Task requirements - What you write must be the listing below in full, word for word, minus its pictures.

*** Opening Given information ***

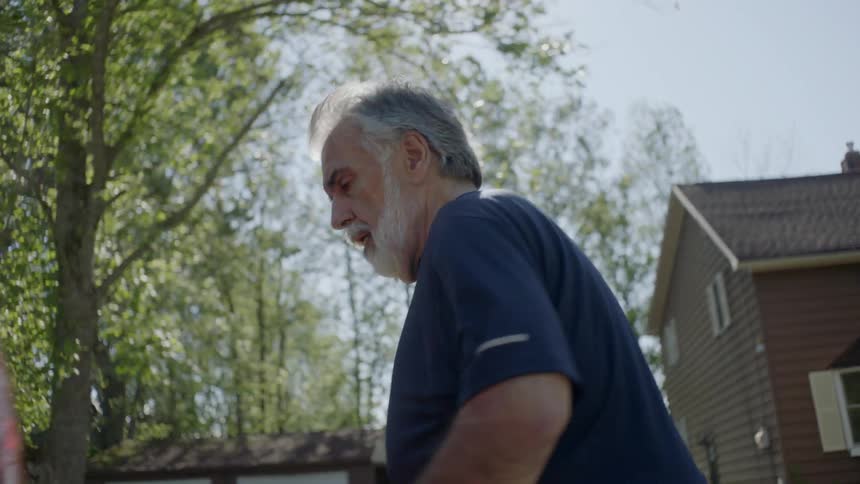 Elderly man running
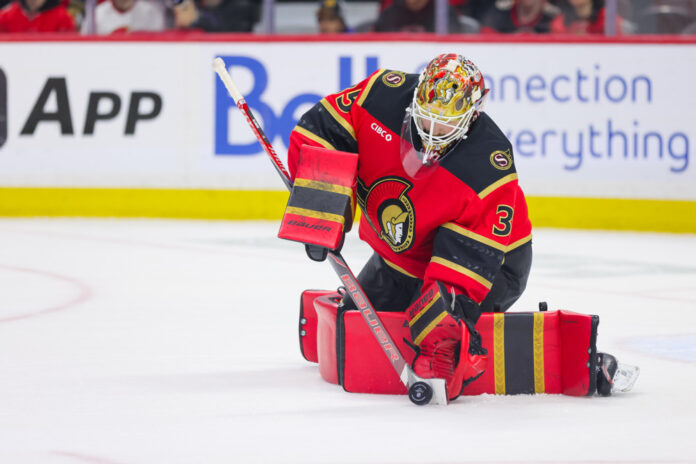 NHL: APR 09 Panthers at Senators Linus Ullmark of the Ottawa Senators in goal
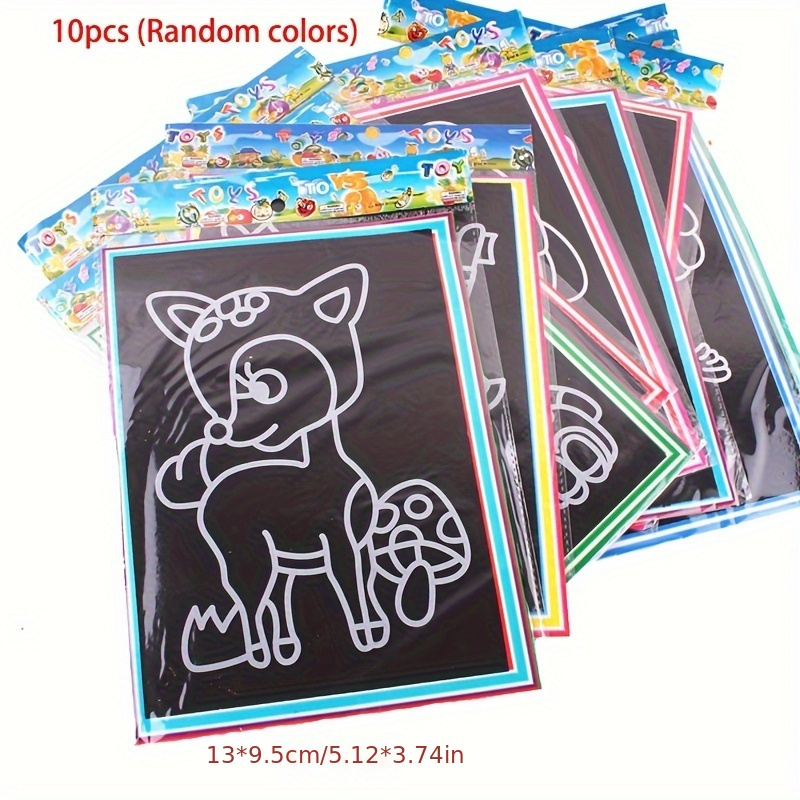 DIY Magic Rainbow Color Scratch Art Paper Card Set With Graffiti Stencil  Drawing Board Stick Art Painting Educational Toys Gifts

*** Closing Given information ***

Task solution -
 Elderly man running
 NHL: APR 09 Panthers at Senators Linus Ullmark of the Ottawa Senators in goal
 DIY Magic Rainbow Color Scratch Art Paper Card Set With Graffiti Stencil  Drawing Board Stick Art Painting Educational Toys Gifts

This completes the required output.